Los Colognes dates back some 15 years, to Chicago, where Mortenson, Rutherford, and bassist Gordon Persha began playing both together (and apart) in a series of “church bands, punk bands, high school bands, and any other kind of band,” learning the language of playing music with other people from a young age. Mortenson and Rutherford eventually departed from Chicago to Nashville, in search of an atmosphere that supported spontaneous music creation, where oppressive weather and overpopulation wouldn’t make it difficult to get musicians in the same room on a regular basis.
“Jay and I decided to make the move to Nashville in 2010 in search of like-minded musicians,” Mortenson says. “The fact that we are big JJ Cale fans played into it. We were intrigued by his history here, and Emmylou Harris’, and John Prine’s. We figured there had to be ghosts still floating around here, their stories, and maybe players from those sessions.”
In Nashville, the rest of the band took shape, with keys player Micah Hulscher recruited in a piano boogie bar and Persha moving down from Chicago to join the group. The band’s history of playing in rotating bands proved useful as a number of Nashville singer-songwriters needed temporary backing bands for local gigs and tours, making Los Colognes “working musicians,” having graced the stage with the likes of Caitlin Rose, Nikki Lane, Kevin Gordon, Johnny Fritz and RayLand Baxter.

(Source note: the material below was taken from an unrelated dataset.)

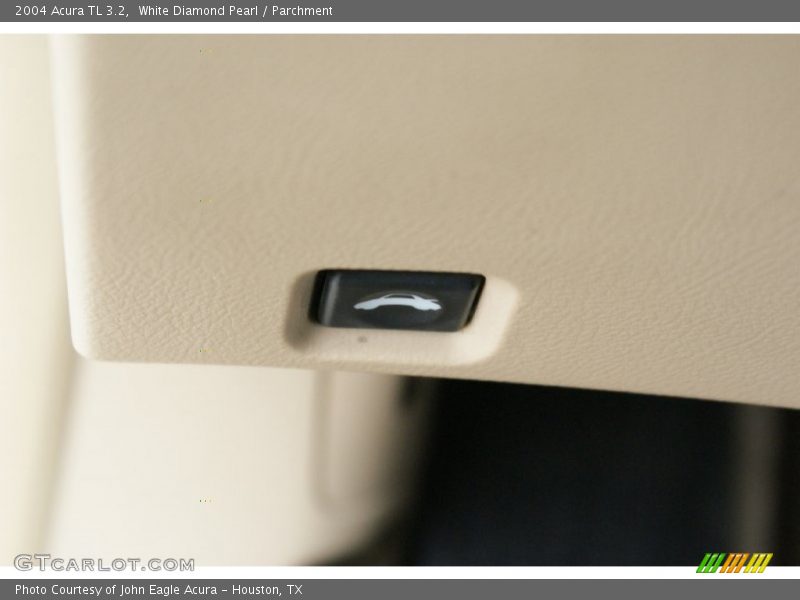 White Diamond Pearl / Parchment 2004 Acura TL 3.2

With Rose, the band spent half of 2014 touring with her as both backing band and support, allowing them to showcase their original material to Rose’s dedicated audience.
2013’s debut LP, Working Together, saw success on a measured scale. “It was all this random shit that just kept happening,” Rutherford jokes. “Rob Thomas of Matchbox 20 tweeted out that "Working Together" was his song of the day, which was hilarious, and six of the songs were featured in nationwide Starbucks shops multiple times a day for a year." The band also played ACL and Hangout Fest, opened for The Head and the Heart in Los Angeles and garnered radio attention from Whisperin' Bob Harris at BBC Radio London and Greg Vandy at KEXP Radio in Seattle.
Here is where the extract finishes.